Aim of the task:
Number of lines below with the word "design": state it and write nothing more.

The data:
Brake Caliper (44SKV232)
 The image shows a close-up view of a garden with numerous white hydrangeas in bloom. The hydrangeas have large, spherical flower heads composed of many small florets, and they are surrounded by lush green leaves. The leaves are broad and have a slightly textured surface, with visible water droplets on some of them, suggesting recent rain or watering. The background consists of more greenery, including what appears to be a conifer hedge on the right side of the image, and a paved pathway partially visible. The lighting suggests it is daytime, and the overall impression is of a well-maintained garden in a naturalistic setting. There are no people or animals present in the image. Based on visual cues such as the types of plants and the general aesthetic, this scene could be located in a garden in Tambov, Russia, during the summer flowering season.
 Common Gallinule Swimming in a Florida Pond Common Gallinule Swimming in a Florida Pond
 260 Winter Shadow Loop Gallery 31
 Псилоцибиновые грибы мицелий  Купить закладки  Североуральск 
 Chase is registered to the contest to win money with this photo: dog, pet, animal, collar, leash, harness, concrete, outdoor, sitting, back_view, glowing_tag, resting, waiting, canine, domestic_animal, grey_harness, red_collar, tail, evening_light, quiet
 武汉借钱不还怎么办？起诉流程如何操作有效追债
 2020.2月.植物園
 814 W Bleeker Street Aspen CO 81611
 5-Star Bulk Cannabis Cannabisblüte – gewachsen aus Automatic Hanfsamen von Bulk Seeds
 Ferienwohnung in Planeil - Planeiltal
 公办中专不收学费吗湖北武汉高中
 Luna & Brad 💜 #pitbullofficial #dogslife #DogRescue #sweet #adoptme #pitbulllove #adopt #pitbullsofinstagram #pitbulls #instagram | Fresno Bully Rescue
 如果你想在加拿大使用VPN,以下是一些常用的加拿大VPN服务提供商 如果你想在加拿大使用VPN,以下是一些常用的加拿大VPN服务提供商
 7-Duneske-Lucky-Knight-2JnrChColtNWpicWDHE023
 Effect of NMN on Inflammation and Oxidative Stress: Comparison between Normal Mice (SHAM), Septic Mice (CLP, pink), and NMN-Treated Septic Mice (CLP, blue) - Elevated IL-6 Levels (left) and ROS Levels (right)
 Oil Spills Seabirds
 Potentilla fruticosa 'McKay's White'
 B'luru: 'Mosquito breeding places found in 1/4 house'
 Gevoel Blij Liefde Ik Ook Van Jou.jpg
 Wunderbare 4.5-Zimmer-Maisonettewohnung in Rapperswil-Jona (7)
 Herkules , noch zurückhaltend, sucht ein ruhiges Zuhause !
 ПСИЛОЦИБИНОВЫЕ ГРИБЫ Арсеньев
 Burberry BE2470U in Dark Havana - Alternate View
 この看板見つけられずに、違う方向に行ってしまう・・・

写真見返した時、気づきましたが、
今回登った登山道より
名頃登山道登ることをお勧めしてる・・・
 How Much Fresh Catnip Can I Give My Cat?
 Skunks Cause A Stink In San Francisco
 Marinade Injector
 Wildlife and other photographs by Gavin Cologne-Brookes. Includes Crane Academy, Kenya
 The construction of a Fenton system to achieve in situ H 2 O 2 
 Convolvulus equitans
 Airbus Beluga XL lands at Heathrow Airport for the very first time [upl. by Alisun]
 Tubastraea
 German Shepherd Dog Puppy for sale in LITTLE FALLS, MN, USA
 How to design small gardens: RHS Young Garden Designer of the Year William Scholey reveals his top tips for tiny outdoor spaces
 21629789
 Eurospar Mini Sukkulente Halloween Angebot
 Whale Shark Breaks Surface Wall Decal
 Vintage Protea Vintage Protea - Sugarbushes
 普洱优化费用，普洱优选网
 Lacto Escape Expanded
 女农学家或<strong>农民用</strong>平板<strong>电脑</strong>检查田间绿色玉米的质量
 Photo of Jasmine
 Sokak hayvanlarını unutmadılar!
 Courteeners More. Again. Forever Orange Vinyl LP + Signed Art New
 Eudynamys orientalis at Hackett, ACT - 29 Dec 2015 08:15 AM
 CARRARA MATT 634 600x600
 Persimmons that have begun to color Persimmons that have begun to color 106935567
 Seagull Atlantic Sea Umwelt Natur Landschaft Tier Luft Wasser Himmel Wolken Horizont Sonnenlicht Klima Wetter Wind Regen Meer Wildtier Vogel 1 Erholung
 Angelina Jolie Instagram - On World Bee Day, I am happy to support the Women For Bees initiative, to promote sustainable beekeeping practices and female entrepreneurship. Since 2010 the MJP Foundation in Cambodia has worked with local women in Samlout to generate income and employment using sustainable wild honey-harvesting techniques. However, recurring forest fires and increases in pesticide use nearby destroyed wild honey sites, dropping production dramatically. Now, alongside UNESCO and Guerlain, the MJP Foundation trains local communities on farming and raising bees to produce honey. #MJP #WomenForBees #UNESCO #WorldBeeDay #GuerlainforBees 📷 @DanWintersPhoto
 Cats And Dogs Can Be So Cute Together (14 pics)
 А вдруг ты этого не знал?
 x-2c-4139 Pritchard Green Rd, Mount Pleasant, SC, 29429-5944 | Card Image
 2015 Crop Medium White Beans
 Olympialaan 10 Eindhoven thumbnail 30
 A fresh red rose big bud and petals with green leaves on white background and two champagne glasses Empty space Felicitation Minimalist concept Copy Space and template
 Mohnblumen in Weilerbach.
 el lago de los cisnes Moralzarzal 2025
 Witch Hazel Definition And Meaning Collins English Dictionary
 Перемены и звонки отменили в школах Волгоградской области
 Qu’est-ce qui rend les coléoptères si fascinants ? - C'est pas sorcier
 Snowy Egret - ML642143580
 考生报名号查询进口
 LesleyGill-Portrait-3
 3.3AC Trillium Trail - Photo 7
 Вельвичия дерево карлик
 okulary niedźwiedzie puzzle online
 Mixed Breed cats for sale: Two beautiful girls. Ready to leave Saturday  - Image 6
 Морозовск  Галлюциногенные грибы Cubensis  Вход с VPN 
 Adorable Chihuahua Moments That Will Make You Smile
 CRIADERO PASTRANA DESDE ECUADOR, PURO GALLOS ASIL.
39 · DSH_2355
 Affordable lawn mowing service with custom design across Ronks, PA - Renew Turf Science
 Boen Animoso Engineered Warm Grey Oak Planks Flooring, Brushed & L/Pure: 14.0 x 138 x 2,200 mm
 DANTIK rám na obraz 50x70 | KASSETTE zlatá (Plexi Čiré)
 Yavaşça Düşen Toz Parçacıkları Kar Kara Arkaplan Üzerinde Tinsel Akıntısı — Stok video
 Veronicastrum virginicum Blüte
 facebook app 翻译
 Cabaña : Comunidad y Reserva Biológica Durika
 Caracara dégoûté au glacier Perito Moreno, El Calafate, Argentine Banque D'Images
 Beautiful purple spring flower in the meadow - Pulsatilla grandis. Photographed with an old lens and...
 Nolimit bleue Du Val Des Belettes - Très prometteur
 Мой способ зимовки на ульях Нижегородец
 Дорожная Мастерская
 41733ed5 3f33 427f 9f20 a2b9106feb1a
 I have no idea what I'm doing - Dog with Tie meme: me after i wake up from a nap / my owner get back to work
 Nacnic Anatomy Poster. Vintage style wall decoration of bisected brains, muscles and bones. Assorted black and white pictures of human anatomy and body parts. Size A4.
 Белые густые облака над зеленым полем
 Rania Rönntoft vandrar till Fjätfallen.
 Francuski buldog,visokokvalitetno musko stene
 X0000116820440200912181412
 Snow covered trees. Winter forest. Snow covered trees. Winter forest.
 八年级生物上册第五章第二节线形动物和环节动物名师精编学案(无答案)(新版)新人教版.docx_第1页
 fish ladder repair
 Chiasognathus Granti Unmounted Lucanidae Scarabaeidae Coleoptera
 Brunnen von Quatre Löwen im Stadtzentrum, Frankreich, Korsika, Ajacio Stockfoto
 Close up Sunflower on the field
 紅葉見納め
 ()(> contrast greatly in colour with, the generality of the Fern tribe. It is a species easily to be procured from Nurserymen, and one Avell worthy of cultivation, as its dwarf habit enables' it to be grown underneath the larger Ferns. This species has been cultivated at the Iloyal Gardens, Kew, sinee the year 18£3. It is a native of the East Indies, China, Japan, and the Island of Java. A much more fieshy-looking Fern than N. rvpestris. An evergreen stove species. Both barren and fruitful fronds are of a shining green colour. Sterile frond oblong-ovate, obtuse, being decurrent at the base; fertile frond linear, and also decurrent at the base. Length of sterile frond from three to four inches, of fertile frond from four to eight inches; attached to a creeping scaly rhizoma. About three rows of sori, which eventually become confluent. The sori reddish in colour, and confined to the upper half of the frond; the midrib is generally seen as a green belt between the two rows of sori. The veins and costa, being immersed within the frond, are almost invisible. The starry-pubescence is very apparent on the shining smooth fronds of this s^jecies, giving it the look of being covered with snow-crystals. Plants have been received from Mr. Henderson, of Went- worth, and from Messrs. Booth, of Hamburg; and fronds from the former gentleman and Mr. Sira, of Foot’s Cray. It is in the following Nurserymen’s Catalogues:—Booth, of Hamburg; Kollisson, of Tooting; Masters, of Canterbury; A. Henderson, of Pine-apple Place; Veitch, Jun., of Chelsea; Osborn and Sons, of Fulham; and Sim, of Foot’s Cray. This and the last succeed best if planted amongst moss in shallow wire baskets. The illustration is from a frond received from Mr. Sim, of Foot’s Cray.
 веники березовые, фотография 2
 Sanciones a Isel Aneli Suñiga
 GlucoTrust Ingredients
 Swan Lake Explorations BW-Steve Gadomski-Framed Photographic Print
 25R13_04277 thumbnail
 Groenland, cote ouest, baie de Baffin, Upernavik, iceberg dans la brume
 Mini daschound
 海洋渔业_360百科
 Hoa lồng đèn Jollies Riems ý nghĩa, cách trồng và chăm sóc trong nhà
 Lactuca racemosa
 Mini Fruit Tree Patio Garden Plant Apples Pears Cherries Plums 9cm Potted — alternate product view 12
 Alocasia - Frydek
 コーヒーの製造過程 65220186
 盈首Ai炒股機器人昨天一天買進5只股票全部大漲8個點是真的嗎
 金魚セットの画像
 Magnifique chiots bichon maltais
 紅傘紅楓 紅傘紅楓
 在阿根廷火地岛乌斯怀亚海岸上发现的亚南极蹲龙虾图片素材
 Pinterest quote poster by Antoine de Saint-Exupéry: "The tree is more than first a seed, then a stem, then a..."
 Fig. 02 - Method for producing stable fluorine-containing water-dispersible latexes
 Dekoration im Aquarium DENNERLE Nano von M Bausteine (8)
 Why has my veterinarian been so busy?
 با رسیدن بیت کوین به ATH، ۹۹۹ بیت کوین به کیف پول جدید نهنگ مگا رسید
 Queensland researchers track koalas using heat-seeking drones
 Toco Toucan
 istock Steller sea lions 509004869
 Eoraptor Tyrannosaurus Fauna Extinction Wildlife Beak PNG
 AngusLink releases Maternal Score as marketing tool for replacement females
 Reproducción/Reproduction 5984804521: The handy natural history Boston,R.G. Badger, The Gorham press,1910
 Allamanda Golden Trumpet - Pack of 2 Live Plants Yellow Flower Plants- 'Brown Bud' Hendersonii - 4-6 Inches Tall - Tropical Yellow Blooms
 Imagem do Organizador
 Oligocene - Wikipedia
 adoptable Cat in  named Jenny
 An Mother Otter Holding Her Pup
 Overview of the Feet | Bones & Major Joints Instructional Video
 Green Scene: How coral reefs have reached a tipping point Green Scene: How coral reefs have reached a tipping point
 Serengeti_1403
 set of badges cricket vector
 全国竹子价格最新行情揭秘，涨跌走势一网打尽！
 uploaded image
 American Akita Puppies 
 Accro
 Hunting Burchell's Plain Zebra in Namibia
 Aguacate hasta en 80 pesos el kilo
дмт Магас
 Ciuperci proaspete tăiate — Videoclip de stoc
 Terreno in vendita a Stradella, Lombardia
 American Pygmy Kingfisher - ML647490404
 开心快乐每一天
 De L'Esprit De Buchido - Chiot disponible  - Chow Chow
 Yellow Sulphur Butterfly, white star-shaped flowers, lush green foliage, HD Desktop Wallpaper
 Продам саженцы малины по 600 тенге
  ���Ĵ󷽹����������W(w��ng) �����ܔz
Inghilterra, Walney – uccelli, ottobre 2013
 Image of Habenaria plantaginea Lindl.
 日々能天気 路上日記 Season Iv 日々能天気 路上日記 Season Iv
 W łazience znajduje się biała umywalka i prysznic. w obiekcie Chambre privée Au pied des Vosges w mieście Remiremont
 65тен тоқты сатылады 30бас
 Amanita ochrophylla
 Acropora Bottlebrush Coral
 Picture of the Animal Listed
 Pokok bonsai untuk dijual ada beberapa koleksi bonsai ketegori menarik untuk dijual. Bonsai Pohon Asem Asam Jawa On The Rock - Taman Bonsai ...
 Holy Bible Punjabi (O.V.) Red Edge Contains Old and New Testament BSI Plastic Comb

Solution for this exercise:
2